思い切った戦略と緻密な戦術がチームを勝利に導く(2/3)

大胆でなければ戦略でない捨てるものは捨てる勇気をもつ

眞柄2011年のワールドカップ日本開催が実現したとき、大会を成功させるうえで大切なことは何でしょうか。

宿澤やはり、どれだけ多くの方々に観戦してもらえるかということでしょう。特に、日本代表やイングランドやニュージーランドといった強豪チームが出場しない試合でも、多くのファンに観戦してほしいというのが私の願いです。

 私の体験からいっても、例えばアイルランドのベルファーストで日本とジンバブエが戦ったとき、平日の昼間だというのに大勢の人たち観戦にきてくれました。オーストラリアで開かれた2003年のワールドカップでも、日本代表への応援が多くて驚きました。 日本が例えばフィジーやスコットランドと試合しても、オーストラリアの人には興味がないだろうと思ったらそうでもないんです。われわれがいた町の人たちが、みんな応援に来てくれました。日本代表や強豪チームと関係のない試合も、みんなが観戦してくれることは大切ですね。

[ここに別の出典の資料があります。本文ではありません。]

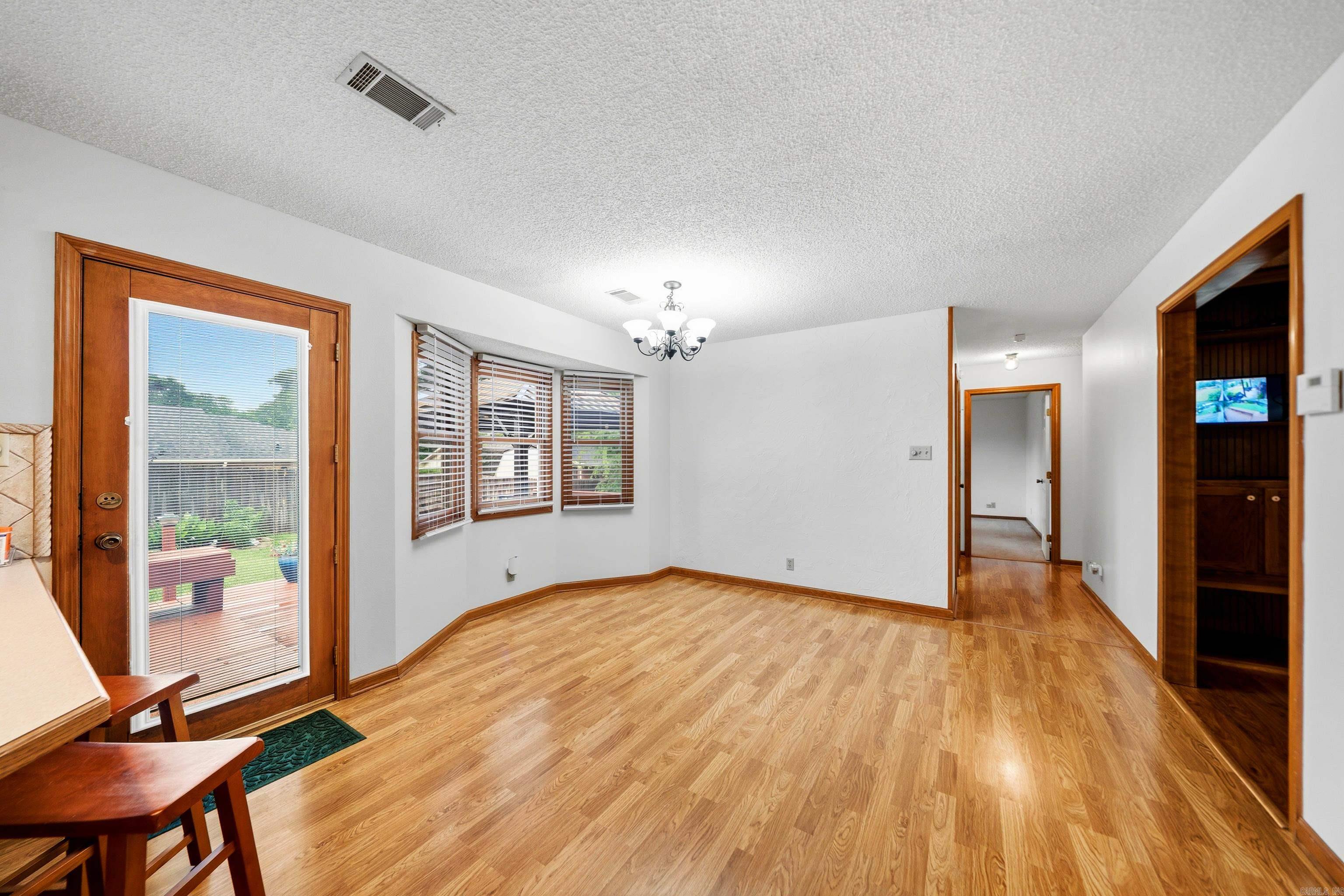 EMERALD PINES ESTATES - Residential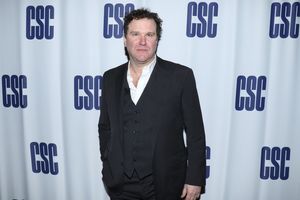 Douglas Hodge  Photo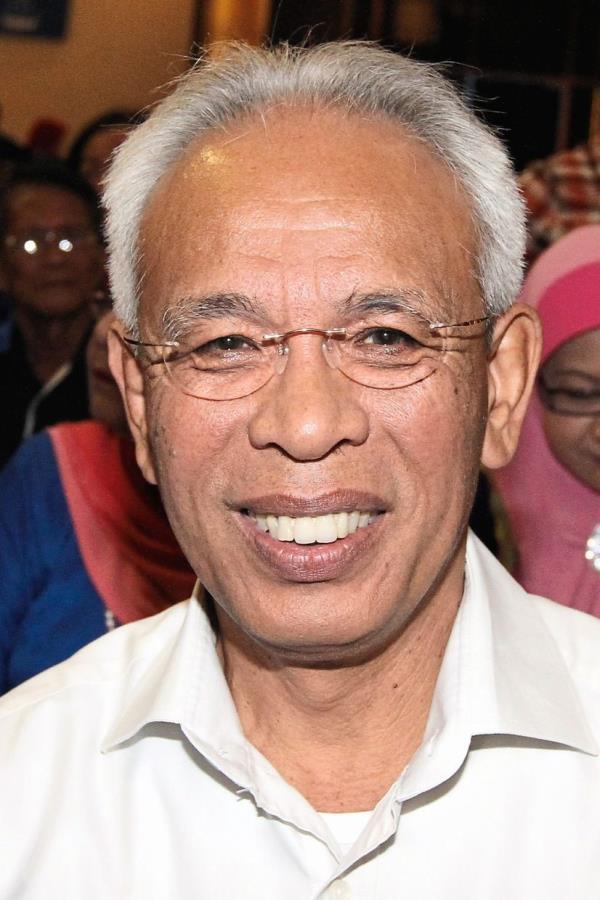 Shahrir: ‘If (Muhyiddin), as Perikatan chairman, had taken up the Opposition leader’s post, he would surely have been able to lead Perikatan MPs.’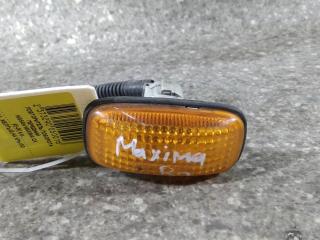 повторитель поворота на крыле правый Nissan Maxima A32 1998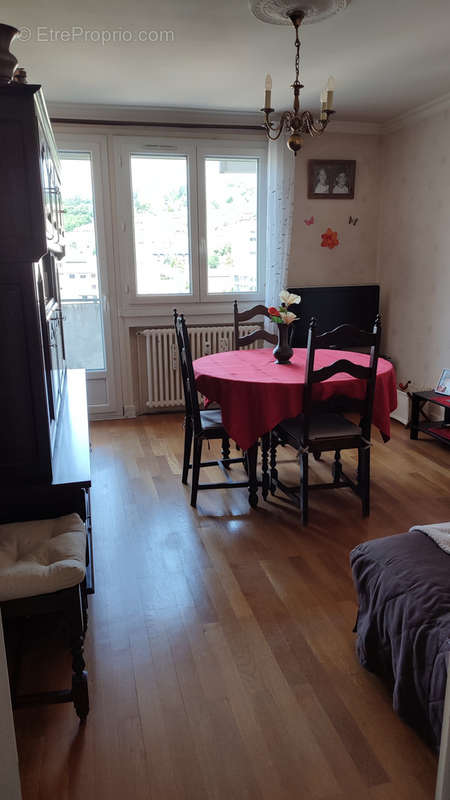 Appartement à SAINT-ETIENNE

 あとは商業的に成功させることも重要ですし、当然ながら日本代表がどこまで戦えるかということ全体の盛り上がりに影響してくるでしょう。

ラグビーという競技は、リーダーシップや組織的な動きが非常に重視されますね。

眞柄ラグビーという競技は、リーダーシップや組織的な動きが非常に重視されますね。試合後のキャプテンやヘッドコーチのコメントを聞いても、他の競技と少し趣が違うという気がします。例えば、あるプレーで「勇気をつけられた」というようなコメントを聞くことがあります。他の競技で勇気づけられたというコメントが出てくるのはあまり聞いたことがありません。

 そこに至るまでの意識、あるいはチームをまとめるためのリーダーシップは、一般社会に出てからもたいへん役立つと思います。

 宿澤さんはラグビーで長年の経験をもち、また金融の最前線におられて、リーダーシップや意思決定のうえで何か感じられることはありますでしょうか。

宿澤ラグビーは他の競技に較べて、監督やキャプテンの存在がたいへん大きい競技です。例えばサッカー日本代表で、監督はつねに注目されますが、誰がチームのキャプテンかはあまり話題にのぼらない。

 ところが、ラグビーは監督とキャプテンがつねに注目されます。いまはサッカーも「ジーコ・ジャパン」と個人名を冠して呼ばれますが、ラグビーが昔から「宿澤ジャパン」「平尾ジャパン」と監督名を冠して呼ばれていたのは、それだけリーダーの存在が重要だということです。

 私が実際に早稲田でキャプテンをやった経験からいえば、ラグビーのキャプテンは、プレーがつづく80分間はとにかく決断の連続だということです。途切れることなく決断しつづけなくてはいけない。判断し決断することの繰り返しです。

 大学選手権レベルになると、チームの実力にそれほど差はありませんから、キャプテンの決断に勝敗が左右される。これは相当なプレッシャーです。チームの力が互角であれば、優れたリーダーのいるほうが勝つというのがラグビーです。

眞柄日本代表などで監督を務めておられたときはいかがでしたか。

あれもこれもと求めないで、一方を思い切って捨てるくらい大胆でないと戦えない。それが本当の戦略です。

宿澤監督のときは同じ判断を下すのでも、かなり戦略的になります。戦略的な決断は、かなり思い切ったものでないと意味がありません。大胆な考えでない戦略は、本当の戦略とは呼べないわけです。

 誰かの真似ではなくて、オリジナルの戦略であることも大切です。大胆に決めるということは、一方では何かを捨てなくてはいけない。あれもこれもと求めないで、一方を思い切って捨てるくらい大胆でないと戦えない。それが本当の戦略です。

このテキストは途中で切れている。